Beneath the Planet of the Apes begins with a recap of the last five minutes of the first film as the opening credits play, then sends another astronaut out to find the missing Charlton Heston (a reluctant and brief reprisal for a paycheque). Before long we encounter such odd sights as apes in a sauna and a chimp student protest, and finally the film’s primary threat – a subterranean society of mutated, psychic humans who worship a nuclear warhead.
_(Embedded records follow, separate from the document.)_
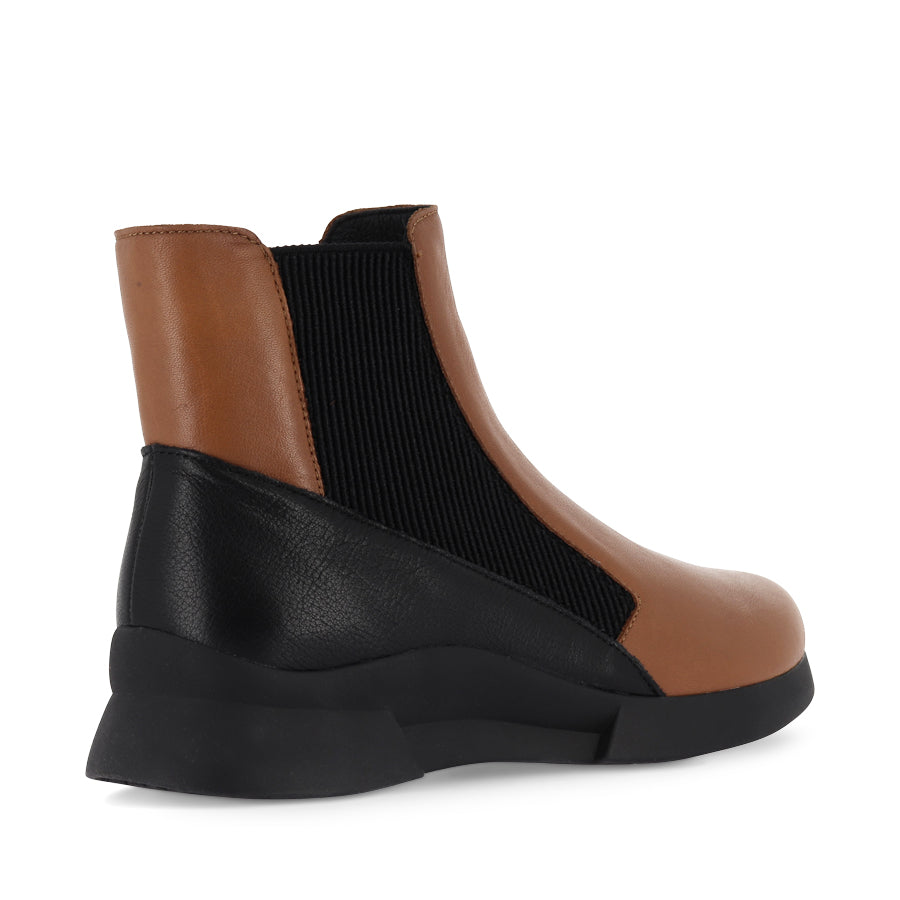 JUNIOR - TAN BLACK MULTI LEATHER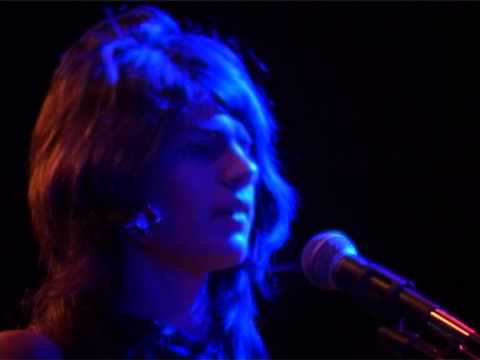 "Knockin´On Heaven´s Door" (Bob Dylan versión de Guns 'n' Roses) - Fanfarrias + Lula Bertoldi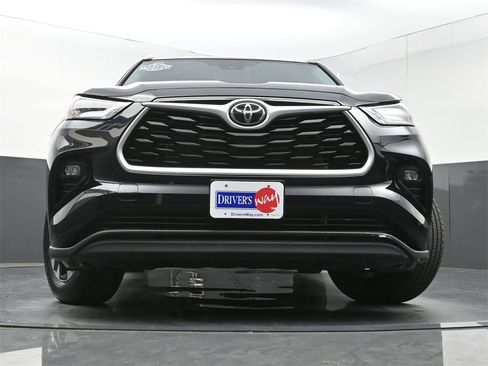 Used 2023 Toyota Highlander XLE image 27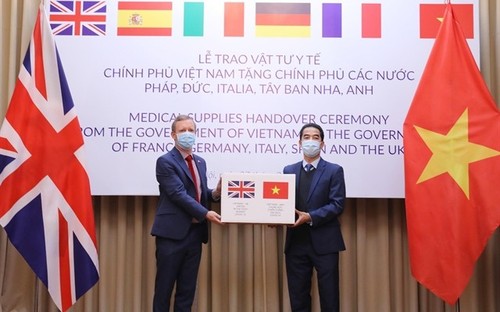 Medio estadounidense resalta apoyo de Vietnam a países en el combate antiepidémico - ảnh 1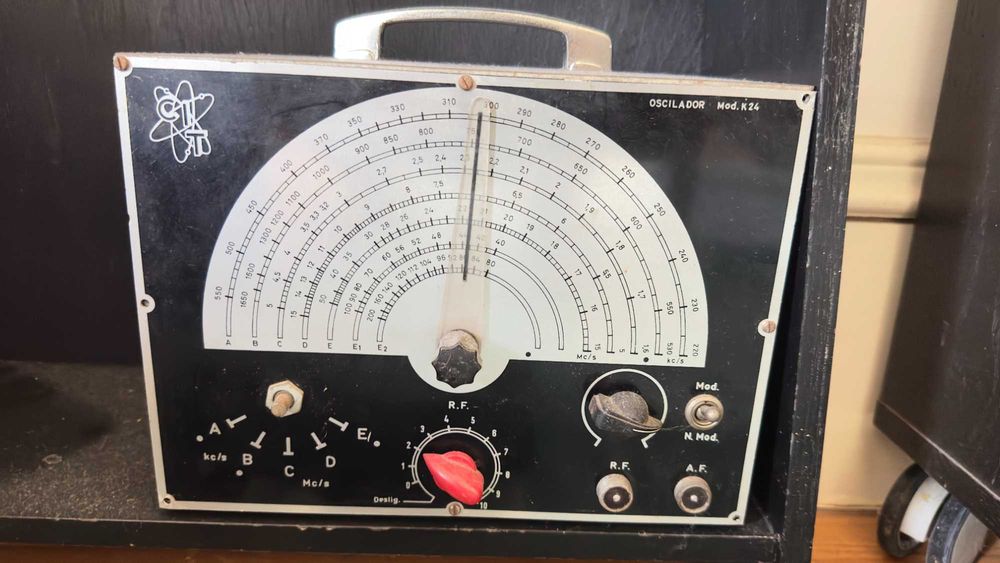Máquinas de teste eletrónica antigas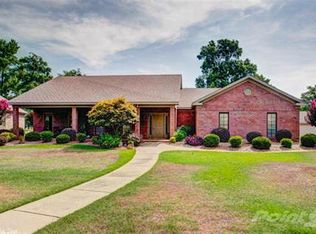 717 Foxwood Dr, Jacksonville, AR 72076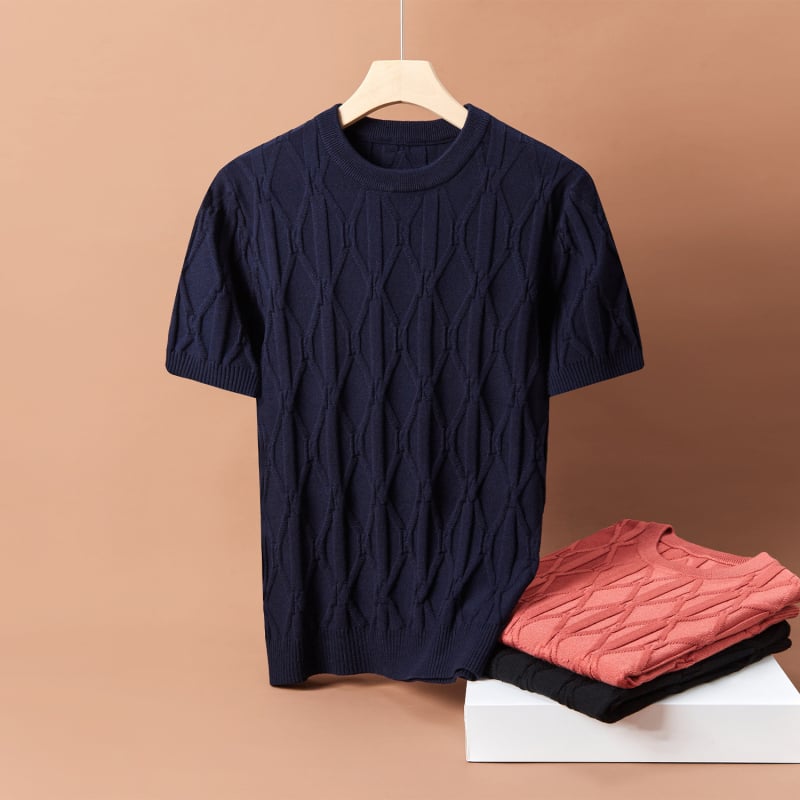 Te han muški pleteni džemper s kratkim rukavima, okruglog izreza, jacquard uzorak, uski kroj, debeli materijal, mješavina mercerisiranog pamuka i viskoze 50%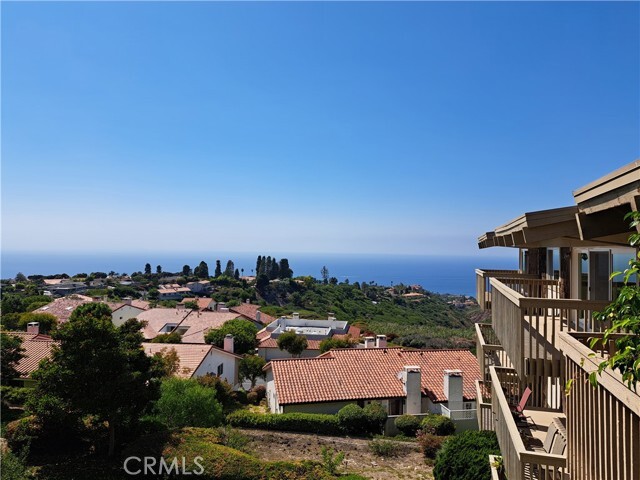 Primary Photo - 6542 Ocean Crest Dr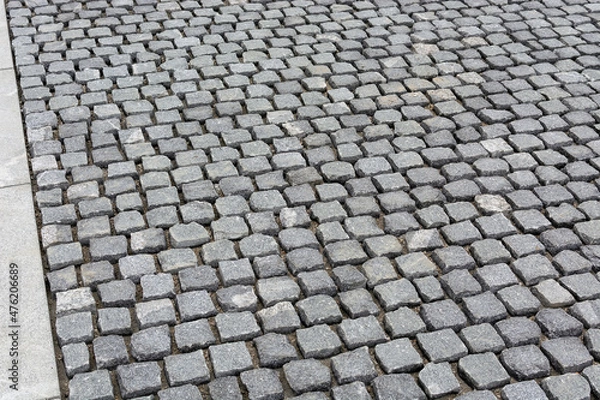 Obraz street paved with setts, visible gaps, under construction
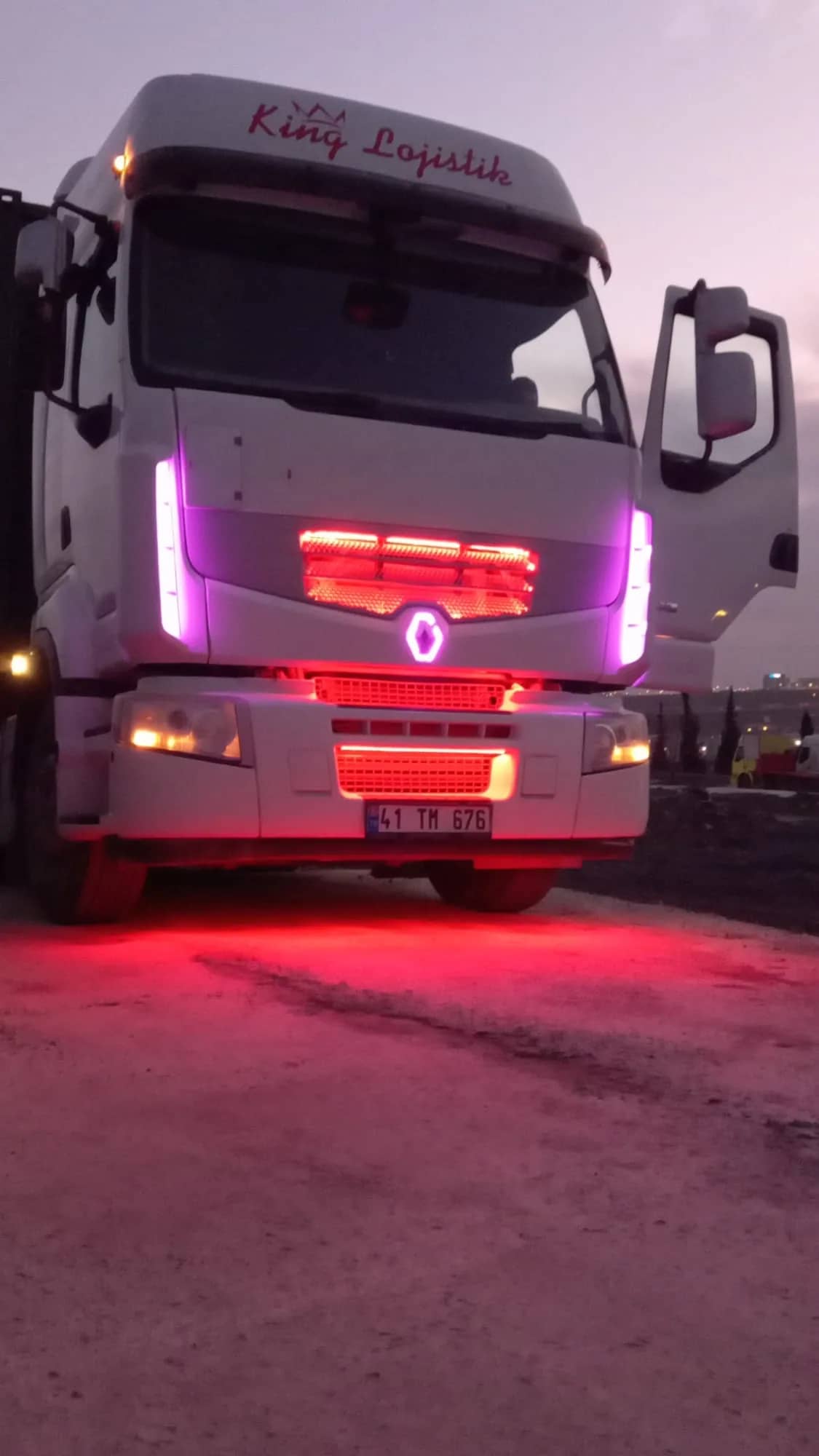 Ticari araçta LED aydınlatma uygulaması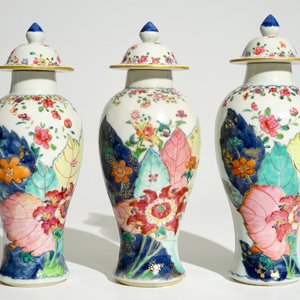 Un ensemble de trois vases et couvercles en porcelaine de Chine famille rose à décor "Feuille de Tabac", Qianlong — photo 4
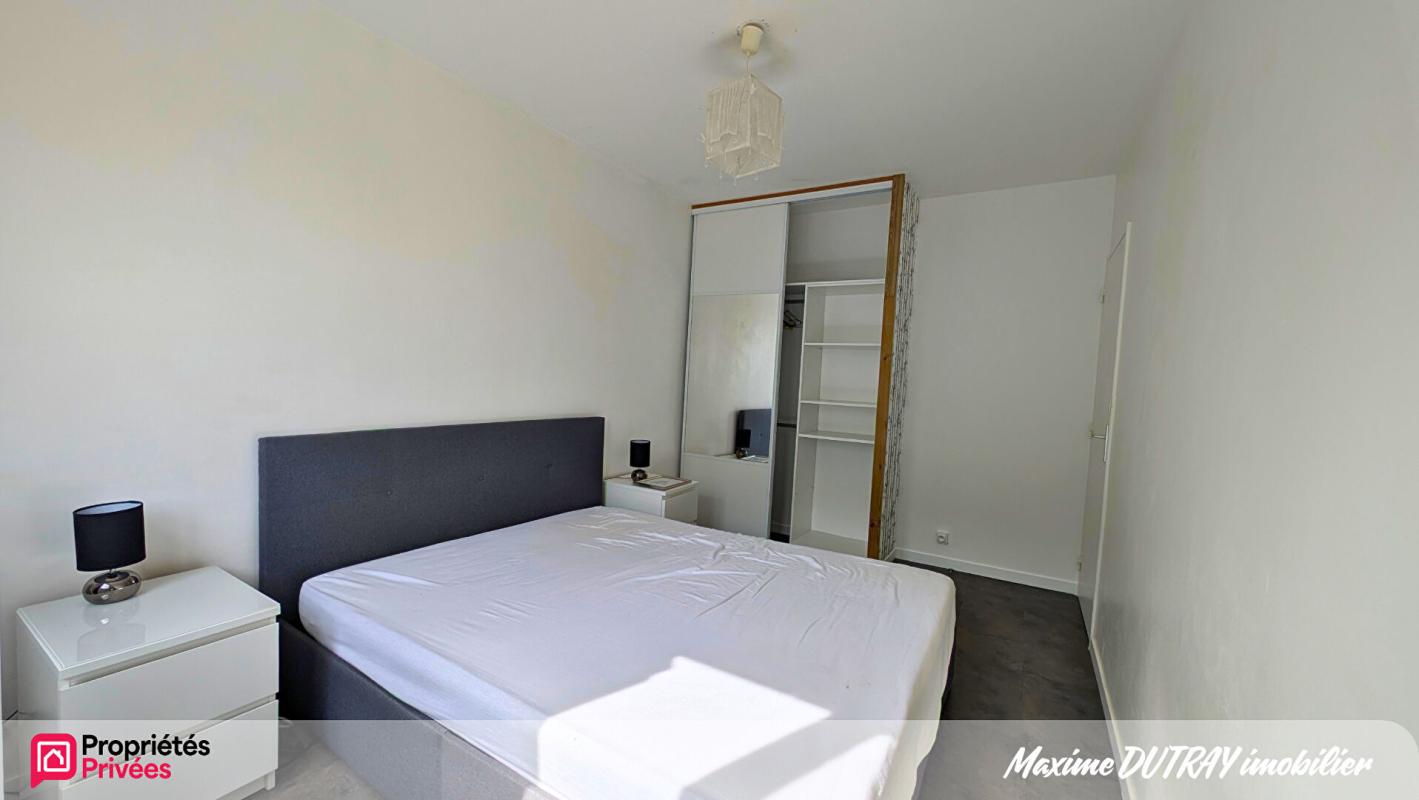 JOUE-LES-TOURS Appartement 2 pièces 46 m2 + cave 7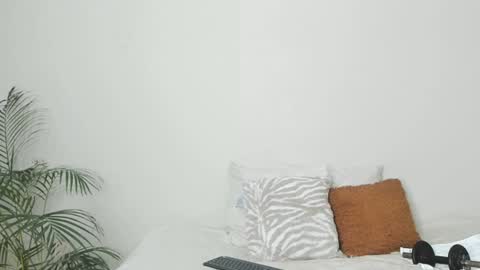 Sherlyn Adams online show from 12-25-24, 07:24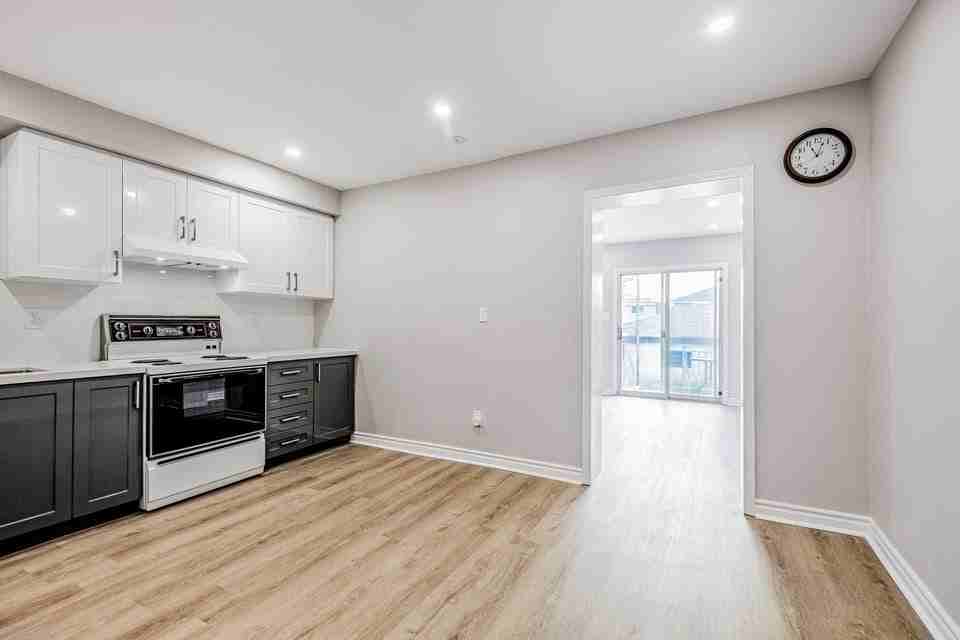 155 Earlscourt Avenue #1 - Photo 5 of 10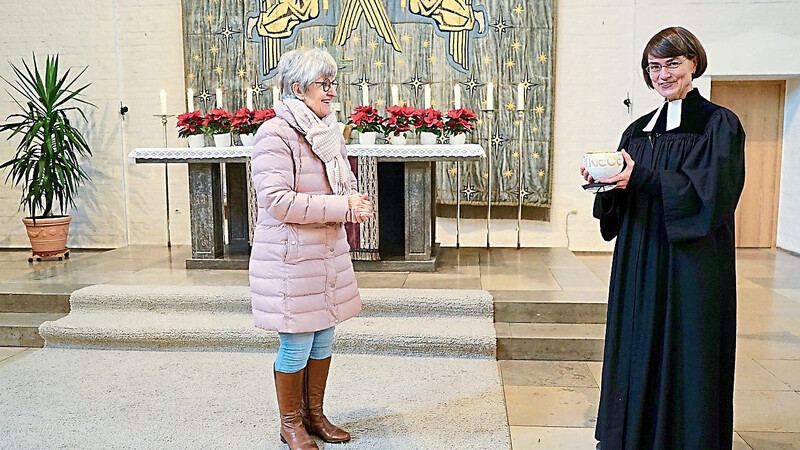 Als Zeichen des Dankes für die Möglichkeit, in der Christuskirche auszustellen, hatte Renate Falk ein Geschenk für Pfarrerin Christine Rießbeck dabei.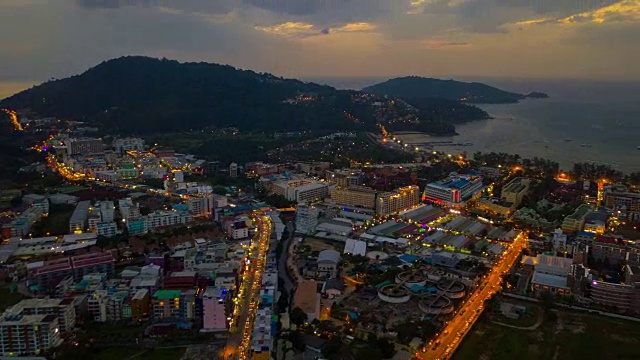 夕阳照亮普吉岛著名的巴东镇交通航拍全景，4k时间流逝泰国视频素材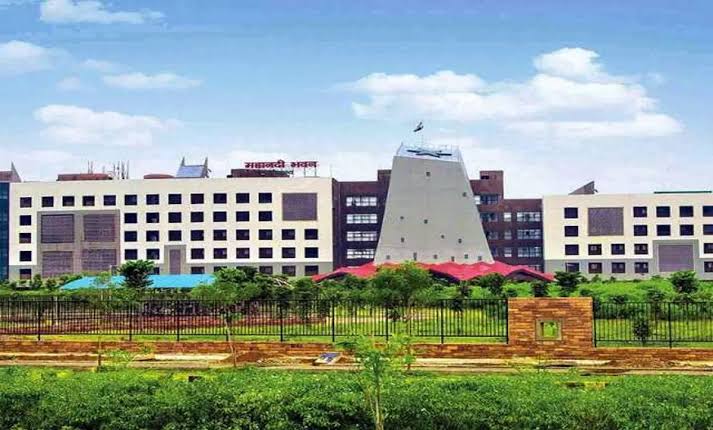 सरकार ने 34 अधिकारियों की जिम्मेदारी बदली सरकार ने 34 अधिकारियों की जिम्मेदारी बदली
The film might criticise religious fanaticism and promote the Campaign for Nuclear Disarmament, but good intentions don’t make a good film. Annoyingly, this feels very padded, lacks any semblance of nuance and has a tendency to look a bit cheap in visual terms.


7. Battle for the Planet of the Apes (1973)

The ape messiah Caesar returns as the architect of an uneasy truce between the simians and humankind’s last survivors, but a gorilla military coup kicks off the conflict between species once more.

As the title suggests, Battle for the Planet of the Apes is supposed to be a war film, and you’ve got to admire the filmmaking ambition. Unfortunately the combat scenes underwhelm in both scope and budget – there’s only so much you can do with two dozen extras in rubber ape suits running around in a field.

Roddy McDowall mesmerises as Caesar, demonstrating more range than should be possible behind a mask, plus we’re given an interesting villain in the insecure, reactionary gorilla General Aldo (Claude Akins). The final ten minutes or so of this film are near-faultless, a deliciously dark deconstruction of the plot and characters of the series so far.